Estimated reading time: 2 minute(s)

I’m having a difficult time right now. I know something to be true, even able to put it into very clear words in a conversation with some friends. But I’m having trouble knowing what to do next.

I know God will take care of my family. I know that I am not the provider for our family, my job does not provide for our family… God does. I know that. I trust him to, because I have seen him do it many times over.

Right now, that is very difficult.

Money coming in is lower than usual… probably feels much lower than it actually is. And there have been many expenses this month, and coming up next month. Not a good combination.

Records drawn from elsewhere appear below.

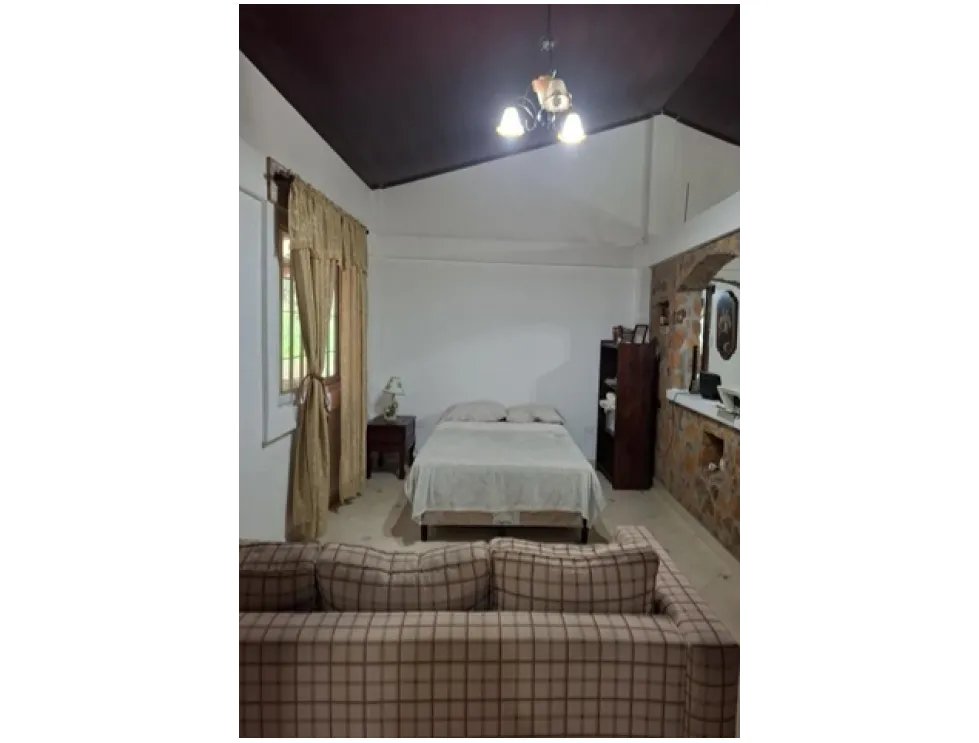 Venta de casa en Altos de Cerro Azul. MY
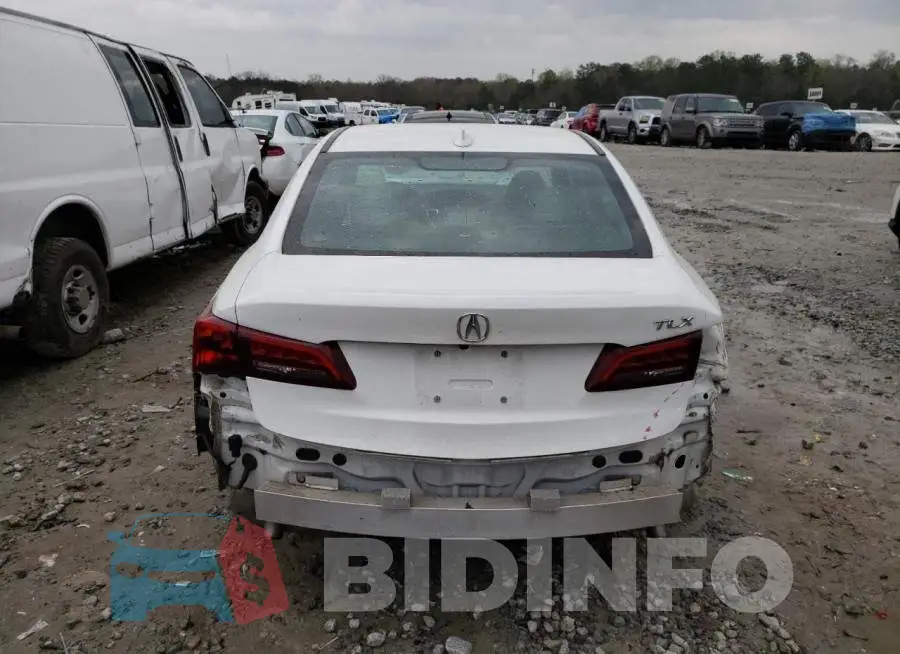 19UUB2F58GA004989 Photo# 6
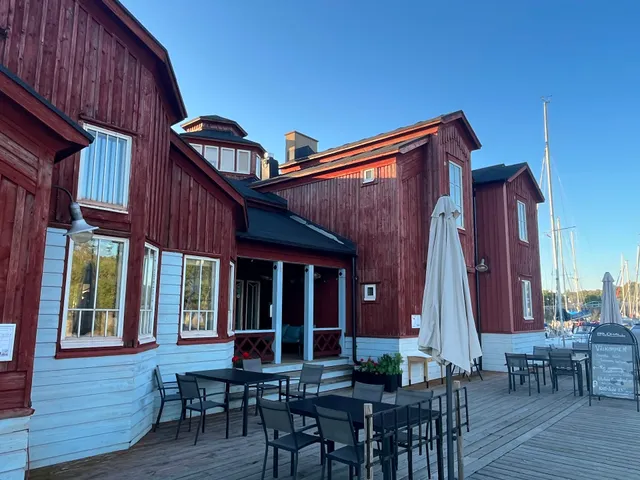 Brudhäll Hotel & Restaurant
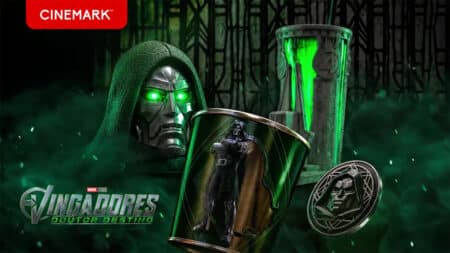 Imagem promocional da Cinemark com personagem de aparência robótica, tema Vingadores: Doutor Destino e luz verde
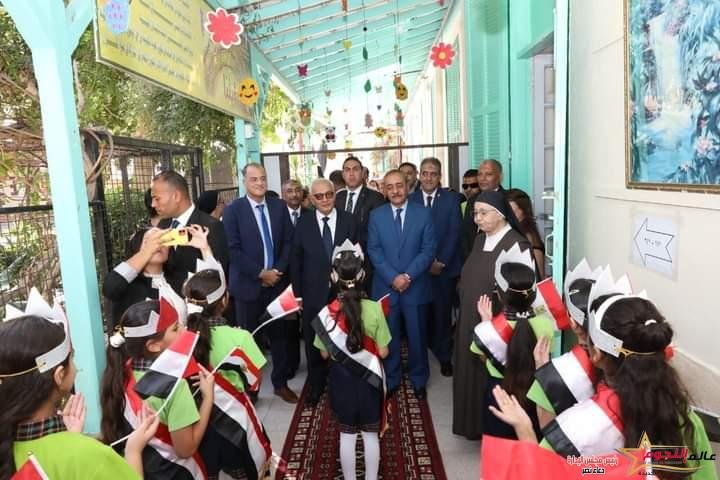 وزير التربية والتعليم ومحافظ الاسماعيلية يتفقدان عددا من المدارس بالمحافظة لمتابعة انتظام سير العام الدراسى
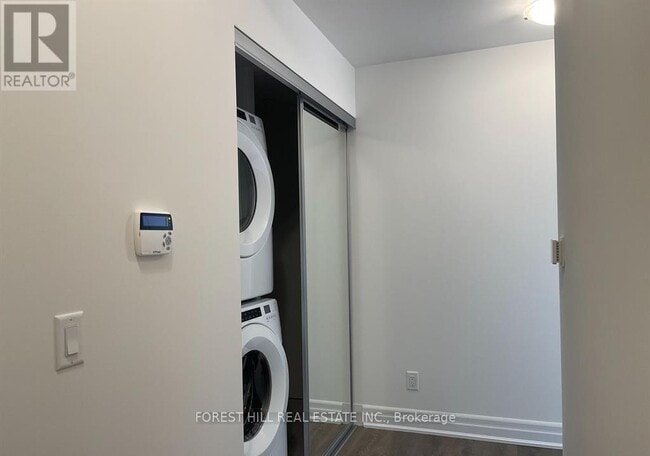 30 Elm Dr W in Mississauga, ON - Building Photo - Building Photo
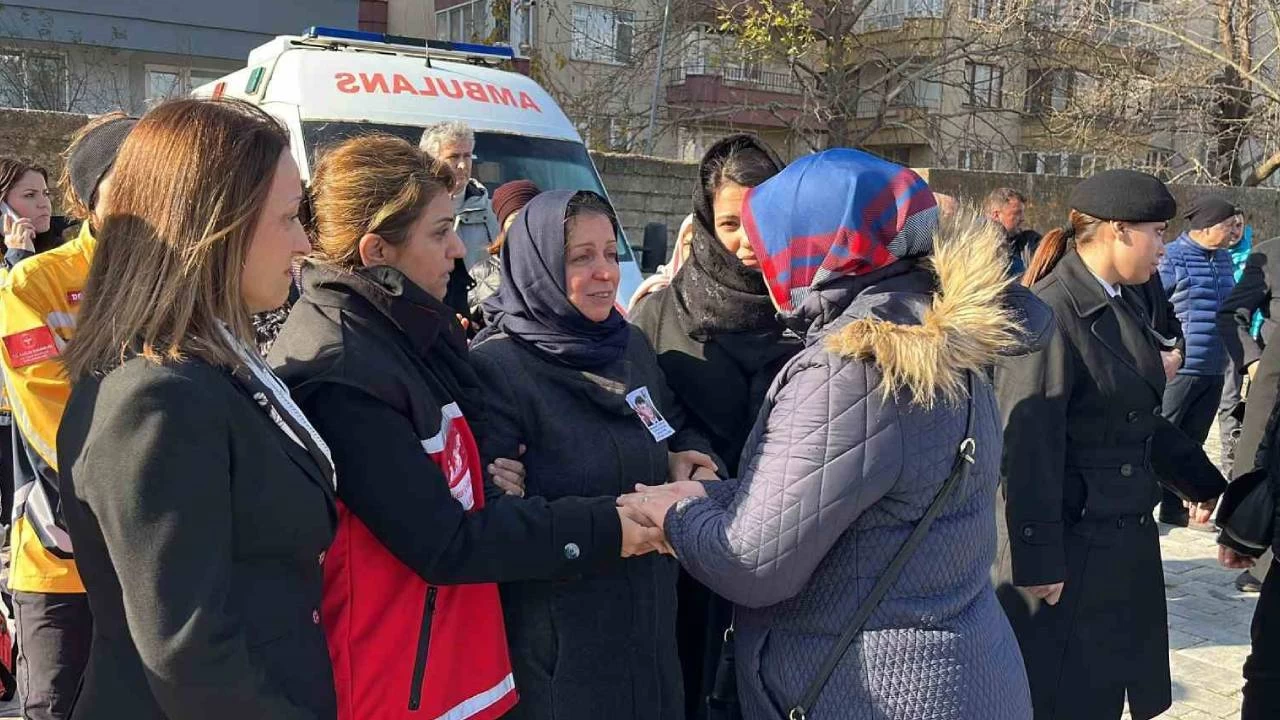 Erdek şehidini son yolculuğuna uğurladı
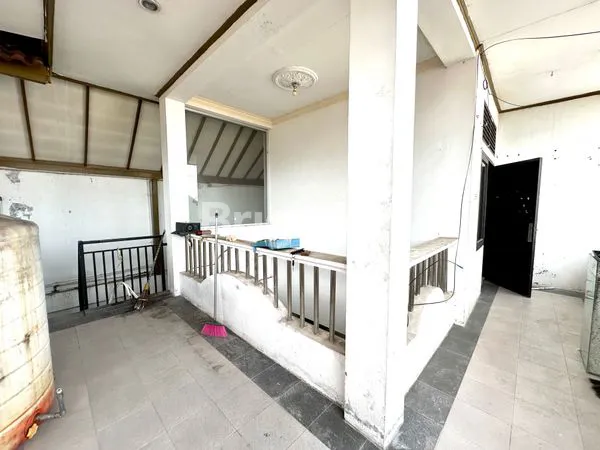 image RUMAH NYAMAN DUA LANTAI (8)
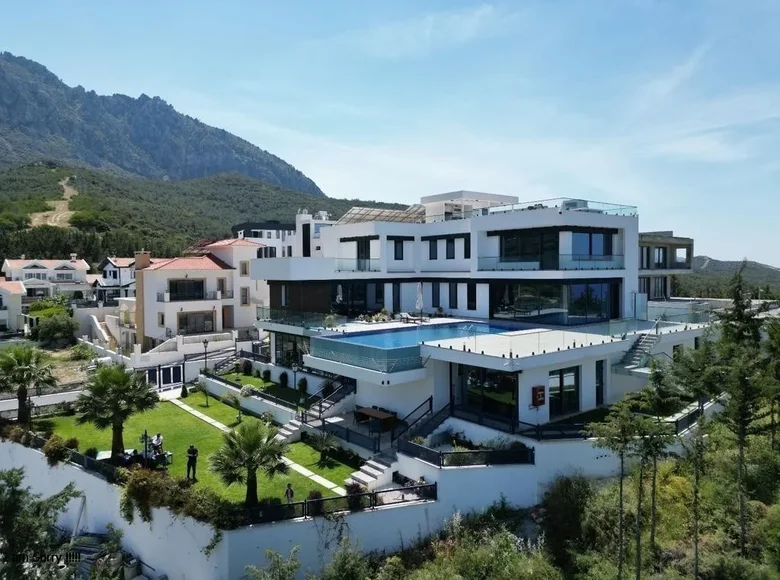 Villa 7 zimmer 1 284 m² Kyrenia, Nordzypern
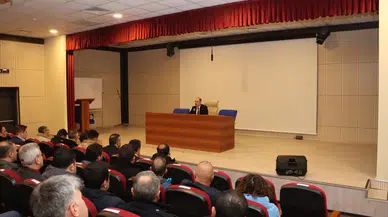 Erzurum Oltu'da 2025-2026 Eğitim Öğretim Yılı İkinci Dönem Tedbirleri Toplantısı Gerçekleştirildi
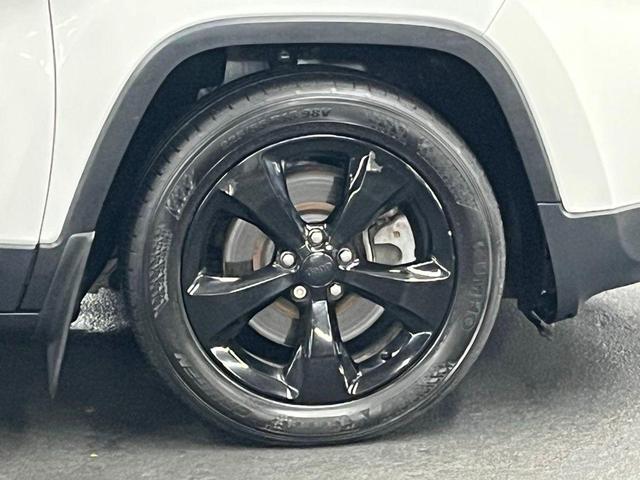 Photo of 2018 Bright White Clearcoat Jeep Cherokee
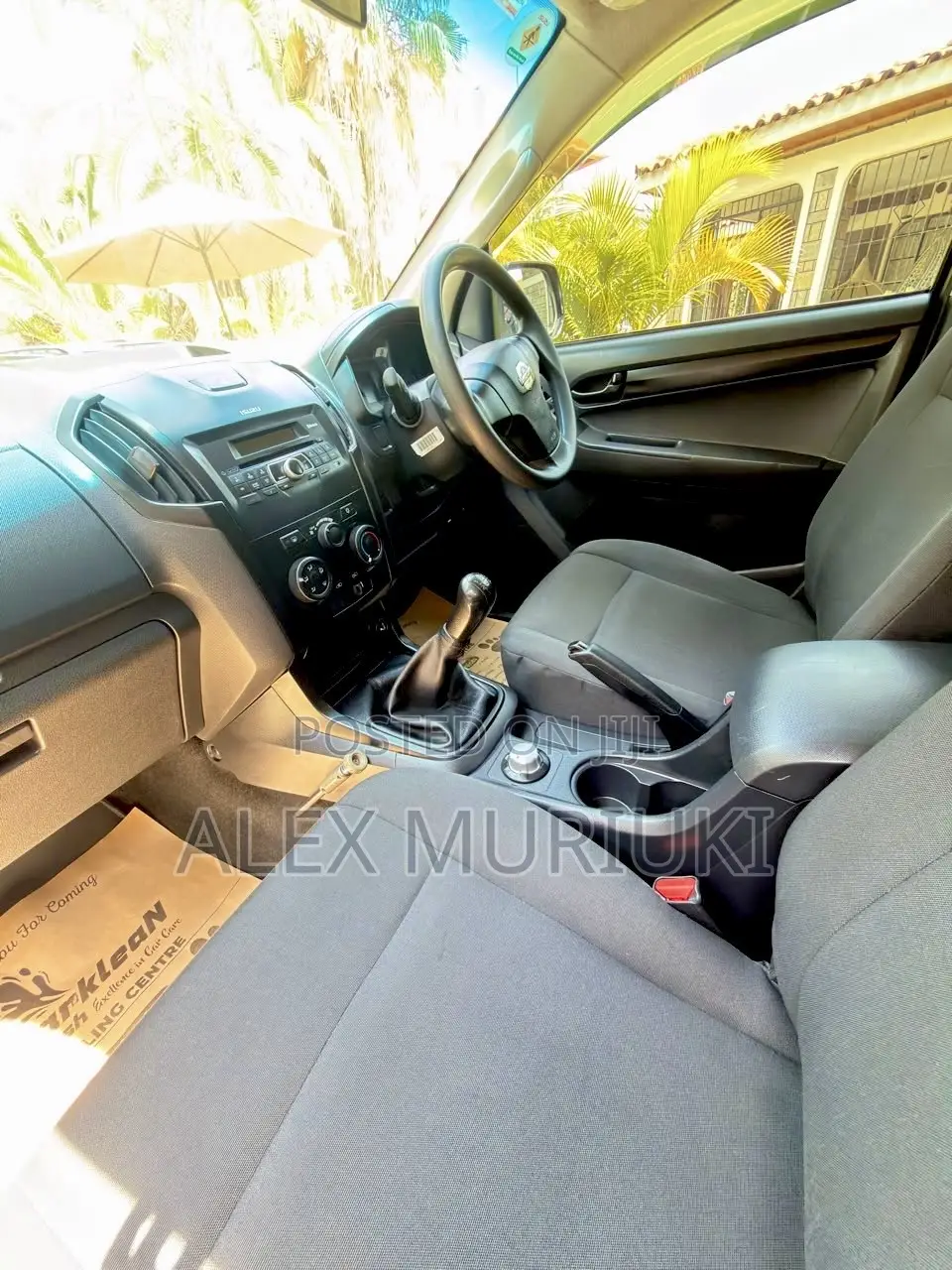 Isuzu D-MAX 2023 Gold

So, I’m asking God to let me know what he wants. Does he want to prove himself to me… where I really let go and trust him? Or is there a time where we need to “take some action”? The points from each “side” are volleying back and forth in my head. I’m sure I will hear the same responses. It’s funny though.. the line reverberating in my head from one “side” is “God helps those who help themselves” (which is not a scripture…) 🙂 while one the other “side” I can think of several scriptures 🙂

“Without faith it is impossible to please God.”

“God is able to do immeasureably more than we could ask or imagine”

“We walk by faith, and not by sight”

Hmm… perhaps I am answering my own question? But that’s just it. I know the truth. I trust the Truth. But… what do I DO right now? I still have the bills to pay. I still have a family to feed and clothe?

This is heavy on my heart right now for sure.

2 Comments

  1. I can totally relate. Expenses just seem to be going up faster than money!! I will pray for you- pray for wisdom and peace for us too. I’m the one who always wants to “DO SOMETHING!” and mostly I act before I let God show me who He is.